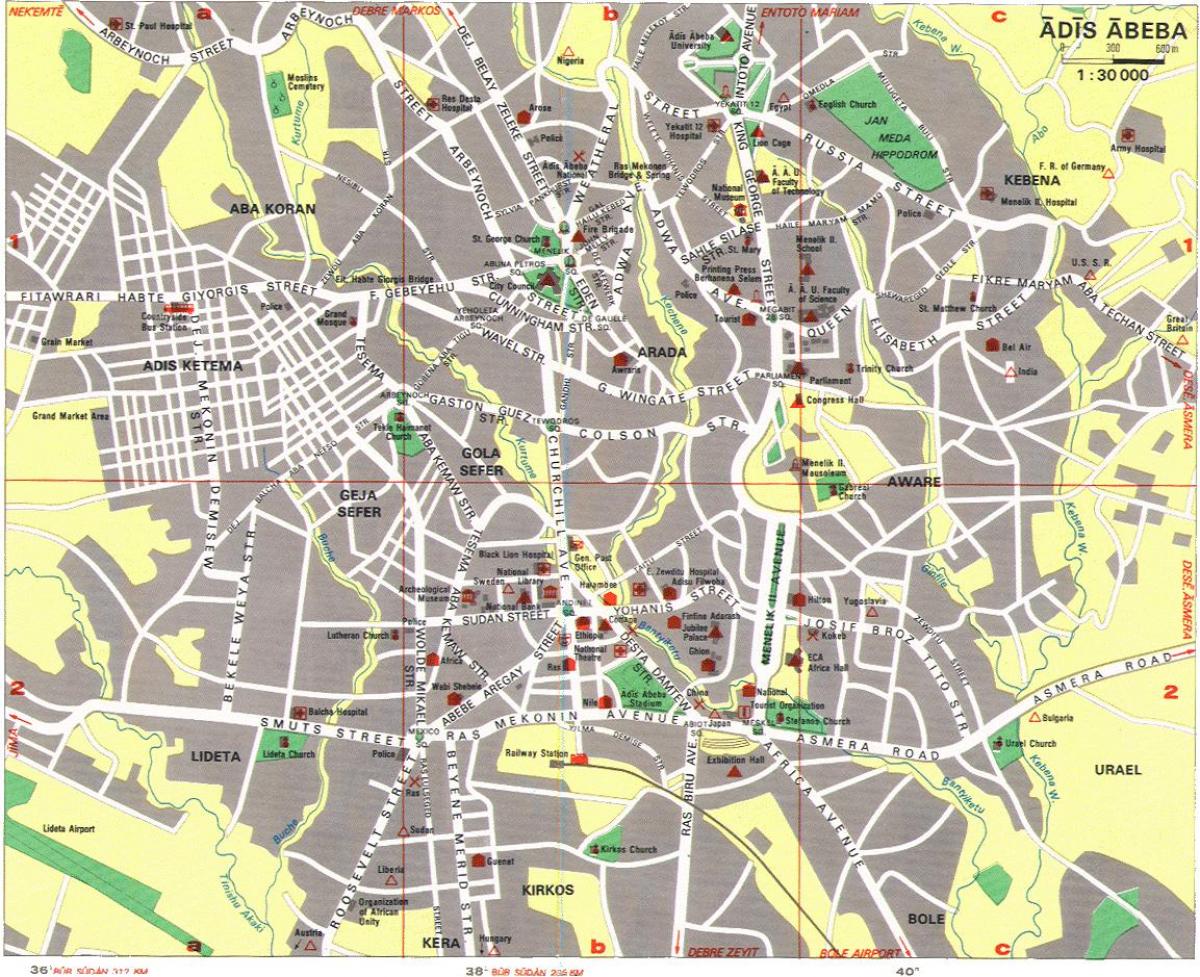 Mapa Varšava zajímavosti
---
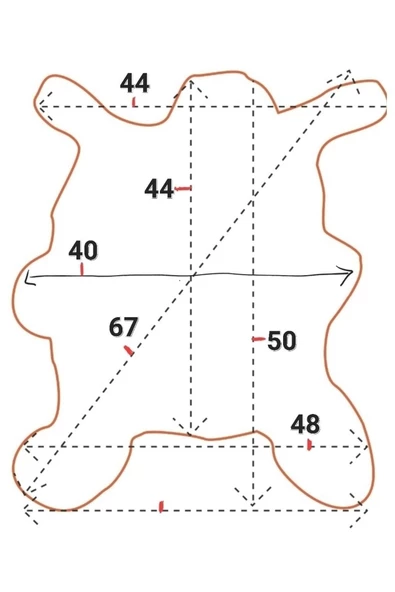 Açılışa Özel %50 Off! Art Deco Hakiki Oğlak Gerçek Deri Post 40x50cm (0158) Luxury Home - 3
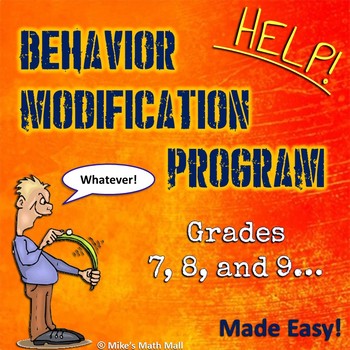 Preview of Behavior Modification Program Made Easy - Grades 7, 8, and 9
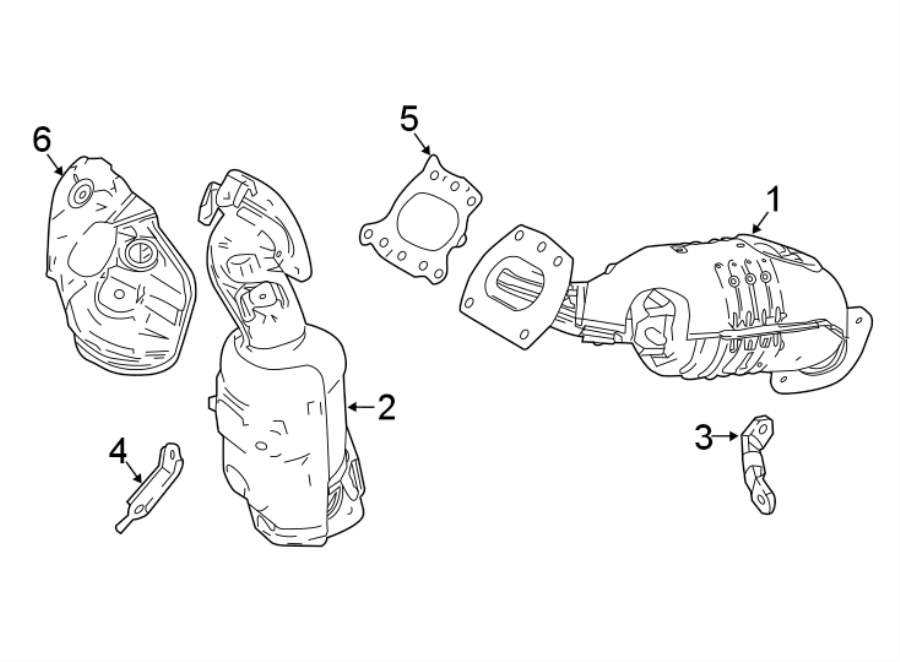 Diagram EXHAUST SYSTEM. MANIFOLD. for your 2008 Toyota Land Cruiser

— Work required —
From the line holding "Açılışa Özel %50" to the line holding "Diagram EXHAUST SYSTEM.", both included, retype the entries above exactly and drop the pictures.

— Response to this task —
 Açılışa Özel %50 Off! Art Deco Hakiki Oğlak Gerçek Deri Post 40x50cm (0158) Luxury Home - 3
 Preview of Behavior Modification Program Made Easy - Grades 7, 8, and 9
 Diagram EXHAUST SYSTEM. MANIFOLD. for your 2008 Toyota Land Cruiser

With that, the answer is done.